But the sea was fairly flat on Thursday morning as Abdus Sabir came ashore at Shamlapur along with a large group of Rohingya after a six-hour boat journey to complete an escape begun weeks ago.

“We fled because the military is still burning our houses,” Abdus, who had abandoned his home in the Rathedaung region of Myanmar’s Rakhine State, told Reuters.

Nearby, Husain Shorif, from the Buthidaung region, said he had rowed for four hours to help bring across 56 people on a raft cobbled together from bamboo and plastic jerrycans.

“Some boatmen were asking for huge money we didn’t have.
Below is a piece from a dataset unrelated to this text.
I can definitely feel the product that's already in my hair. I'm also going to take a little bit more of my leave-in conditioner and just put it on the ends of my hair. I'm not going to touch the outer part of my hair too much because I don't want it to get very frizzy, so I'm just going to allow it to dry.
So we made our own boat and came,” Shorif said, adding that thousands more Rohingya were still stranded at Pa Nyaung Pin Gyi at the mouth of the Naf river.
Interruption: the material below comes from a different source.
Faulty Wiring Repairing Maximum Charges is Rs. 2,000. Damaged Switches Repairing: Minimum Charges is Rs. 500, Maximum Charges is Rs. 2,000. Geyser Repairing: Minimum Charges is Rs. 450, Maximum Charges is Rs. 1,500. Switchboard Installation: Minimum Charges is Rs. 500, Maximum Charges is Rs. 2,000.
Reuters was unable to verify that claim as Myanmar’s military has restricted access to northern parts of Rakhine, where it launched a clearance operation it says was aimed at Rohingya militants behind attacks on 30 security posts on Aug. 25.

UN officials described the operation as “ethnic cleansing,” an accusation Myanmar has denied.

The storm of opprobrium over the humanitarian crisis will expose Myanmar to more diplomatic pressure, at least from leaders of Muslim-majority countries and the United States, during three summits hosted by Vietnam and the Philippines.

Suu Kyi, the de facto leader of Myanmar’s less than two-year-old civilian administration, left on Thursday to attend the Asia-Pacific Economic Cooperation (APEC) summit in Vietnam’s central seaside resort of Danang.

Awarded the Nobel Peace Prize for standing up to the generals who had ruled the country for nearly half a century, Suu Kyi now has to share power with them, under a constitution drawn up in 2008 when junta was still in control, and has little control over what they do.

After Friday’s APEC gathering, Suu Kyi will meet leaders of the Association of Southeast Asian Nations (ASEAN) grouping in Manila on Sunday, followed by an East Asia Summit in Angeles, just north of the Philippine capital.

Outcry

Setting up a regional trade block, and concerns over North Korea’s ambitions to become a nuclear-armed state are priorities, but New York-based Human Rights Watch beseeched the Asian leaders to ensure stronger action by Myanmar to end the crisis.

US Secretary of State Rex Tillerson will meet Suu Kyi on Nov. 15 for talks on the Rohingya crisis, and they are expected to hold a joint news conference.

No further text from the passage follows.